● Entries provided

· · ·

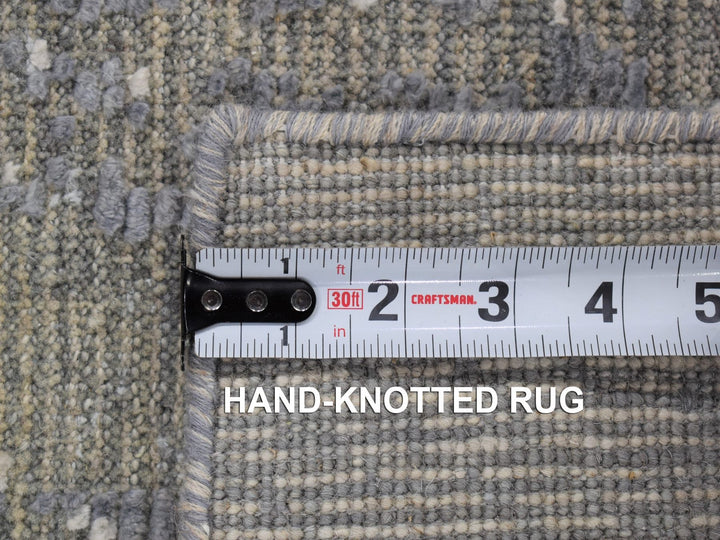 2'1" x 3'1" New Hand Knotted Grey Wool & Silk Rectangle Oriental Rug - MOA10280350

· · ·

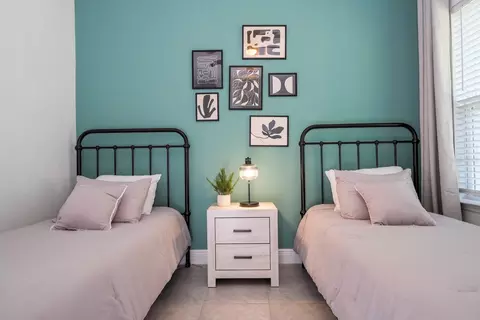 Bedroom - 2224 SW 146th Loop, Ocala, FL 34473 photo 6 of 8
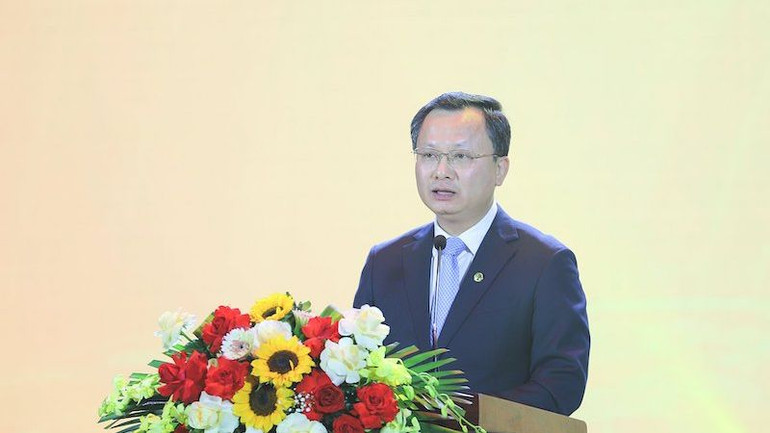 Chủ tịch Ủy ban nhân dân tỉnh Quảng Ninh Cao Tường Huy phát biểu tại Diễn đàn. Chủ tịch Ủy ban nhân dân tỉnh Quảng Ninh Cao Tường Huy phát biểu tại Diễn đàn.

· · ·

● What is needed
Please output, exactly as written, the lines above from the one holding "Bedroom - 2224" through the one holding "Diễn đàn. Chủ", both included, with the pictures omitted.

● Answer to this exercise
 Bedroom - 2224 SW 146th Loop, Ocala, FL 34473 photo 6 of 8
 Chủ tịch Ủy ban nhân dân tỉnh Quảng Ninh Cao Tường Huy phát biểu tại Diễn đàn. Chủ tịch Ủy ban nhân dân tỉnh Quảng Ninh Cao Tường Huy phát biểu tại Diễn đàn.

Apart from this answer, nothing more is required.